Abstract class and interface both are primarily used for abstraction, however they are very different from each other. Both are core part of Java but have their own application uses. While both terms may be synonymous with each other, they cannot be used interchangeably.
There are significant differences between the two. While an interface method is abstract by default, an abstract can contain both abstract and non-abstract methods. Well, since Java 8, interfaces also have method implementations and they can have both static and default methods in Java. Let’s study the difference between the two in detail.
What is an Abstract Class in Java?
An abstract class in Java is a class that is declared abstract – it may or may not contain abstract methods. It is quite similar to a Java interface except that fact that it can contain default method implementation. Like in object-oriented programming, abstraction in Java is achieved using abstract classes and interfaces. In Java, abstraction means hiding the irrelevant details from the user to focus only on the essential details to increase efficiency thereby reducing complexity. The keyword “abstract” is used to create an abstract class just before the class keyword in the class declaration.
An abstract class may or may not contain abstraction methods (methods without body), but if a class has at least one abstraction method, it must be declared abstract. However, non-abstract methods can only also be used in an abstract class, but only to implement default behavior. The methods in an abstract class can have access modifiers such as private, public, static and protected, depending on the visibility level. An abstract class cannot be instantiated and it does not provide 100 percent abstraction because of the fact that it can have concrete method.
What is an Interface?
An interface though looks like a class, it is not. Because Java does not support multiple inheritances, an interface sometimes is ideal for providing base for class hierarchy. An interface is more of a blueprint of a class which is also used to achieve abstraction in Java. It contains abstract methods and static constants. In simple terms, an interface is a collection of abstract methods that is used to specify a behavior that the class has to implement. Unlike abstract class, an interface provides full abstraction in Java. It can have both methods and variables just like a class, however the methods declared in interface are abstract by default.
Difference between Abstract Class and Interface in Java
- “Multiple Inheritance” of Abstract Class and Interface in Java – Despite the fact that both abstract class and interface are primarily used for abstraction, they are quite different from each other. While an abstract class is a class, an interface is an interface. It means while an interface can only extend another Java interface, an abstract class can implement multiple inheritances in Java.
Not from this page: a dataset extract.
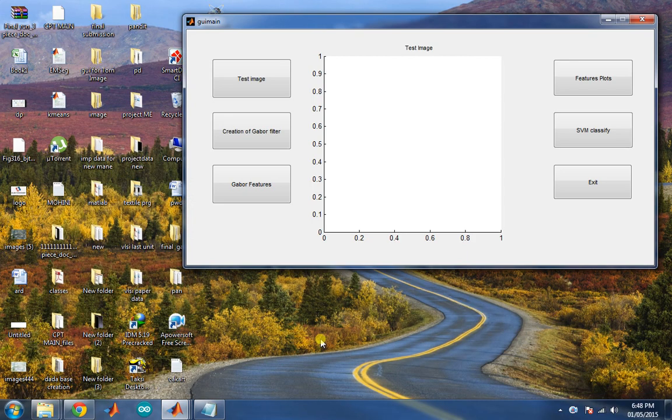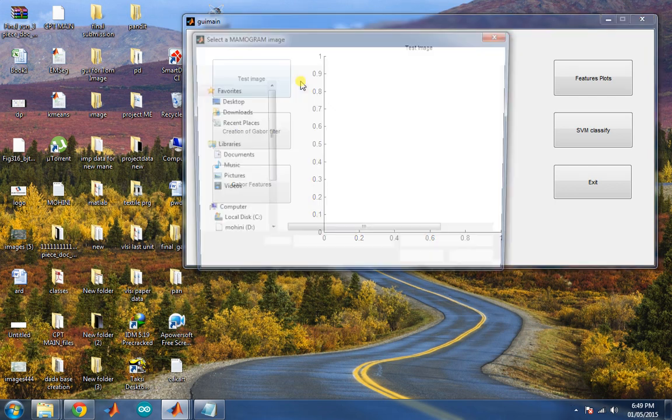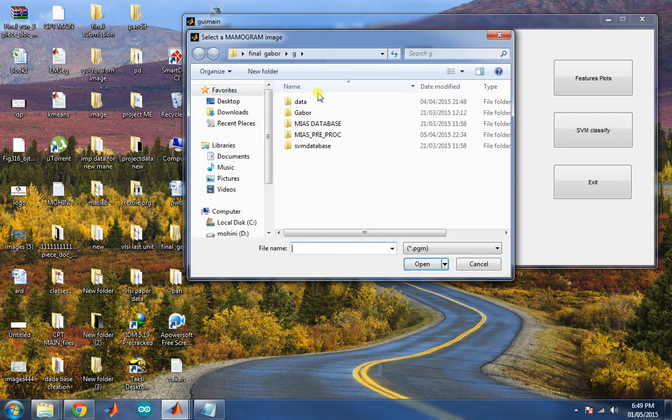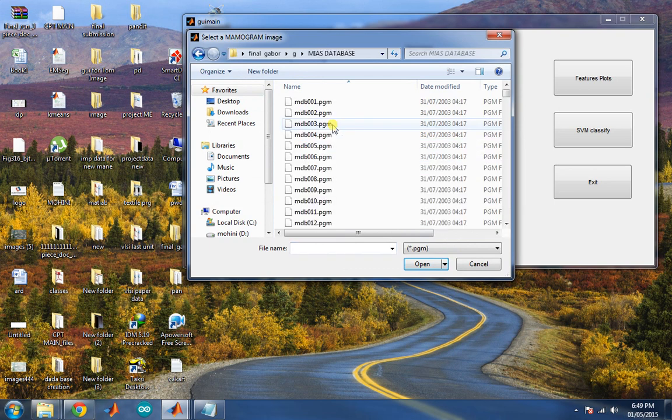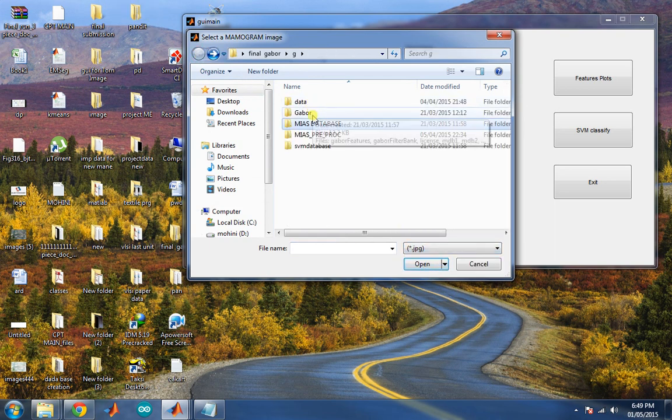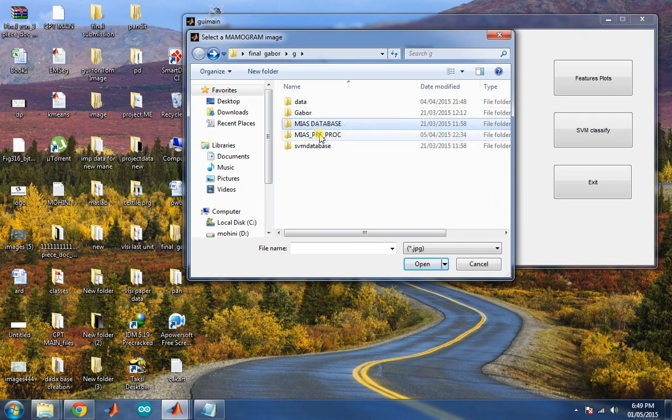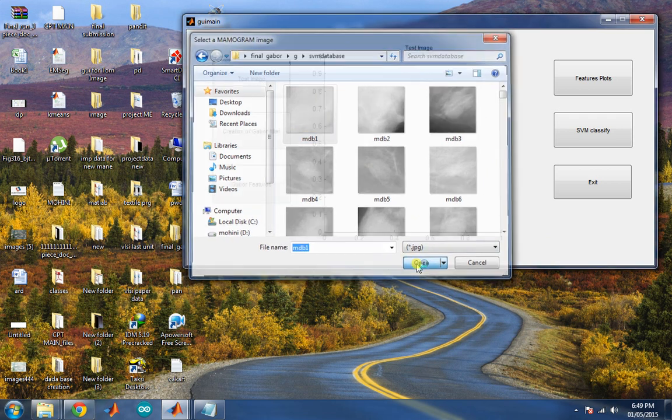This is the GUI for the project. First select the test image from your database. The image should be in JPG format. Select any one image.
Well, Java does not support multiple inheritances but one can implement multiple inheritances in Java.
- “Method Type” of Abstract Class and Interface in Java – The second major difference between the two is that while an interface can only have abstract methods, an abstract class can have both abstract and non-abstract methods. However, since Java 8, an interface can have default and static methods too.
- “Access Modifiers” of Abstract Class and Interface in Java – An abstract class can have public, private and protected access modifiers, however methods of an interface are implicitly public and abstract. You cannot use any other access modifier with interface methods’.
- “Implementation” of Abstract Class and Interface in Java – An abstract class can provide the implementation of an interface. An interface, on the other hand, cannot provide the implementation of an abstract class.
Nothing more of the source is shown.